LA CHRONIQUE DE DENIS GANCEL

La vision de paix et de solidarité imaginée par les pères fondateurs semble avoir vécu. Diagnostic d'une Europe malade.

L’Europe est née du « plus jamais ça » d’une génération qui a souffert de la guerre. Réécoutons François Mitterrand le 17 Janvier 1995 : « Il faut transmettre, non pas cette haine, mais au contraire la chance des réconciliations (…) mesdames et messieurs : le nationalisme, c’est la guerre ! La guerre, ce n’est pas seulement le passé, cela peut être notre avenir, et c’est nous, c’est vous, mesdames et messieurs les députés, qui êtes désormais les gardiens de notre paix, de notre sécurité et de cet avenir ! (1) » 

Ces mots font froid dans le dos aujourd’hui. Qu’avons-nous fait de la vision de paix et de solidarité imaginée par les pères fondateurs de l’Europe ? Elle semble s’être dissipée au fil du temps pour laisser la place aux intérêts particuliers et au repli sur soi symbolisé par un égoïsme coupable qui nous empêche de voir que l’accueil des migrants est l’enjeu humanitaire du 21e siècle. Personne ne pourra dire « on ne savait pas ». L'Europe était une belle idée, elle peut encore devenir une grande marque si l’on s’attaque à ses maux. 

Une marque illisible 

Qui connaît vraiment l’Europe? Ne serait-ce que le nom des 27 États qui composent l’UE ? On ne peut ni aimer ni promouvoir une marque qu’on ne connaît pas.  L’abbé Pierre déjà en 1999 suggérait un tour d’Europe à vélo pour les jeunes des cités pour qui l’Europe était une « réalité totalement abstraite » (2). On n’adhère à une marque que si on en mesure les effets tangibles. Hélas, l’Europe a eu beau se démener lors de chacune des crises récentes, rien n’y fait ! Le drapeau étoilé planté aux côtés des drapeaux nationaux, la mention « Union européenne » surplombant « République française » sur nos passeports, apparaissent toujours pour beaucoup comme des intrus. 

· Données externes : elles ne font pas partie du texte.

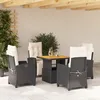 Image de Vidaxl Ensemble Ã Manger De Jardin Coussins 5pcs Noir RÃ©sine TressÃ©e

Une marque sans imaginaire 

Toutes les stratégies de marques pays prennent appui sur des archétypes connus et aimés à travers le monde. Louis XIV, avec Versailles, a été le premier pape du marketing des nations ! Il avait compris bien avant les autres que d’inviter le monde à s’admirer dans la galerie des Glaces frapperait l’imagination ! Qu’attend-on pour orchestrer la promotion de la marque Europe à l’échelle du continent ? Quand allons-nous appliquer la règle d’or de toute stratégie de marque territoire : des millions d’actions, toutes reliées entre elles ? 

Une marque désincarnée 

Qui connaît les leaders de l’Europe ? Simone Veil est au Panthéon, Jacques Delors repose en paix. Où sont les grandes figures d’aujourd’hui ? À chaque élection européenne, on a le sentiment d’assister à un match des mal classés, avec des équipes B sur le terrain. Et puis il y a ce raccourci mortifère : Europe = Bruxelles. Mais Qui est Bruxelles ? Il faut se rendre au Parlement européen pour toucher du doigt le drame d’un temple sans âme, où se perdent 705 députés dont les boîtes aux lettres symbolisent l’errance d’inconnus à cette adresse. 

Une marque sans puissance 

Le débat actuel sur l’armée européenne est révélateur. La reprise de la course à l’armement, notamment entre la Chine et les États-Unis, fait courir un risque majeur de conflit mondial. Sur le papier, constituer une armée pour défendre un continent de 500 millions d’habitants apparaît comme une évidence. Pourtant, on entend des réserves de tous bords et tout se passe comme si les avancées pour faire émerger une Europe politique n’avaient servi à rien. 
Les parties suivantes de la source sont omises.